### Raw data

>>>

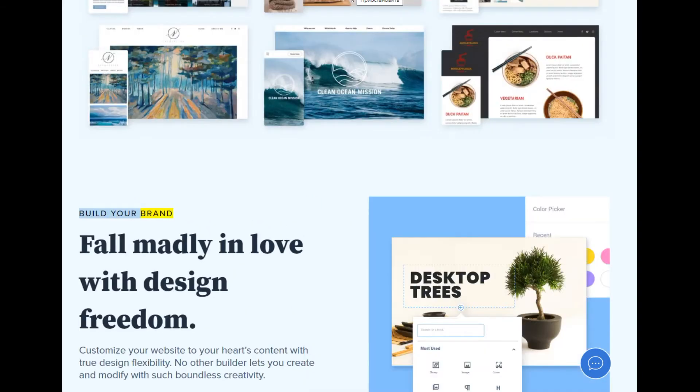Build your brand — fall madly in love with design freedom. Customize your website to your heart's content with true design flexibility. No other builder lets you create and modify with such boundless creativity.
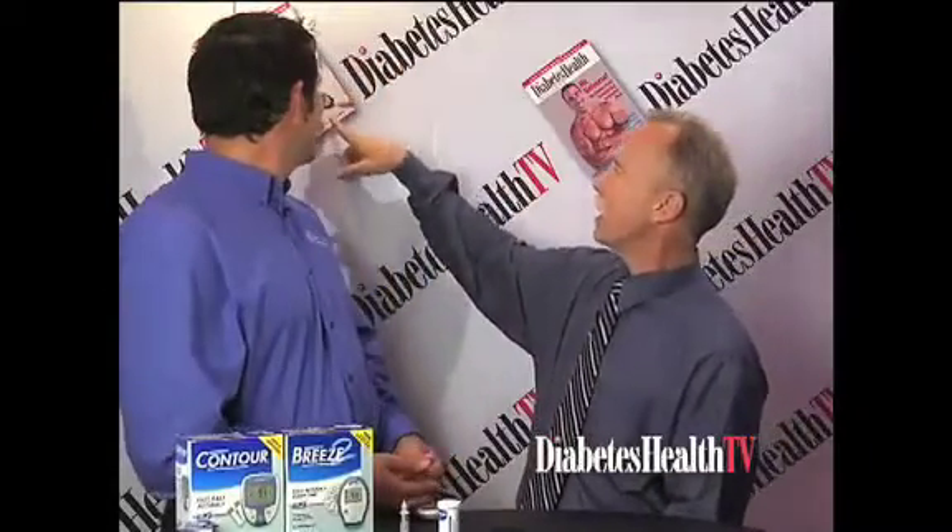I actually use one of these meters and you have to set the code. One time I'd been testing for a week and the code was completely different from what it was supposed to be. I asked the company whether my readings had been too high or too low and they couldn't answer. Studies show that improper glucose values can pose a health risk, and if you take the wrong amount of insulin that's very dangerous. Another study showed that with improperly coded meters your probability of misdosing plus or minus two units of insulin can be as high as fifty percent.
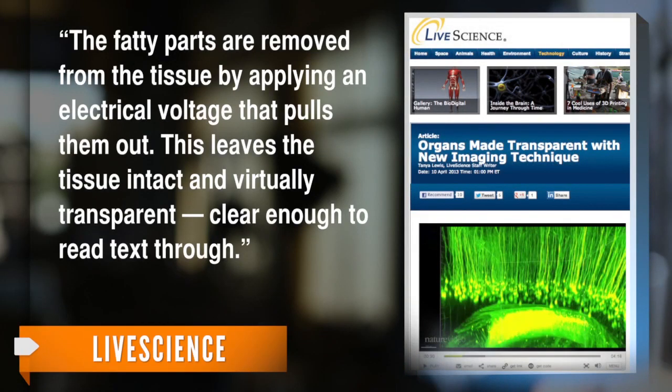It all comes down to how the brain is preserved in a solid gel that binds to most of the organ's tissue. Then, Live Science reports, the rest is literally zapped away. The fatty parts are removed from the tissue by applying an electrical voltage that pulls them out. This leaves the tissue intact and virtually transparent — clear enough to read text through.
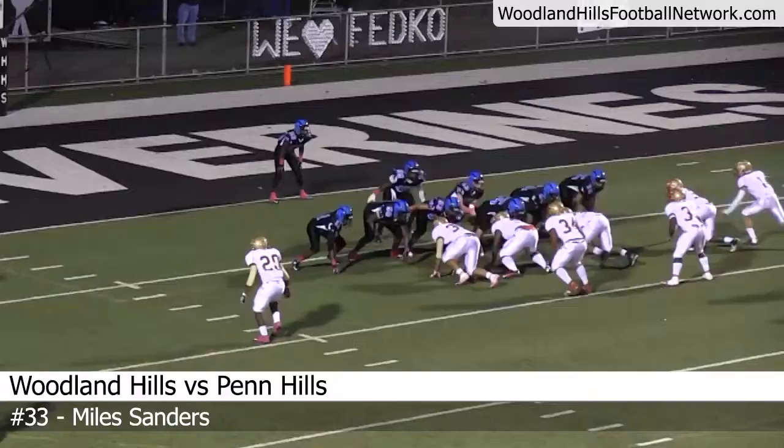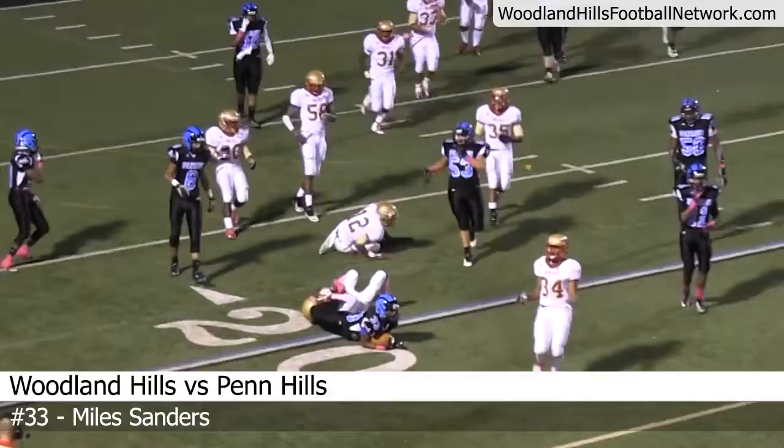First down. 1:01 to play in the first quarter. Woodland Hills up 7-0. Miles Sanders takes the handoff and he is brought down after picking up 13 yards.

<<<

### Prompt
Retype the listing exactly. Skip every picture.

### Finished task
Build your brand — fall madly in love with design freedom. Customize your website to your heart's content with true design flexibility. No other builder lets you create and modify with such boundless creativity.
I actually use one of these meters and you have to set the code. One time I'd been testing for a week and the code was completely different from what it was supposed to be. I asked the company whether my readings had been too high or too low and they couldn't answer. Studies show that improper glucose values can pose a health risk, and if you take the wrong amount of insulin that's very dangerous. Another study showed that with improperly coded meters your probability of misdosing plus or minus two units of insulin can be as high as fifty percent.
It all comes down to how the brain is preserved in a solid gel that binds to most of the organ's tissue. Then, Live Science reports, the rest is literally zapped away. The fatty parts are removed from the tissue by applying an electrical voltage that pulls them out. This leaves the tissue intact and virtually transparent — clear enough to read text through.
First down. 1:01 to play in the first quarter. Woodland Hills up 7-0. Miles Sanders takes the handoff and he is brought down after picking up 13 yards.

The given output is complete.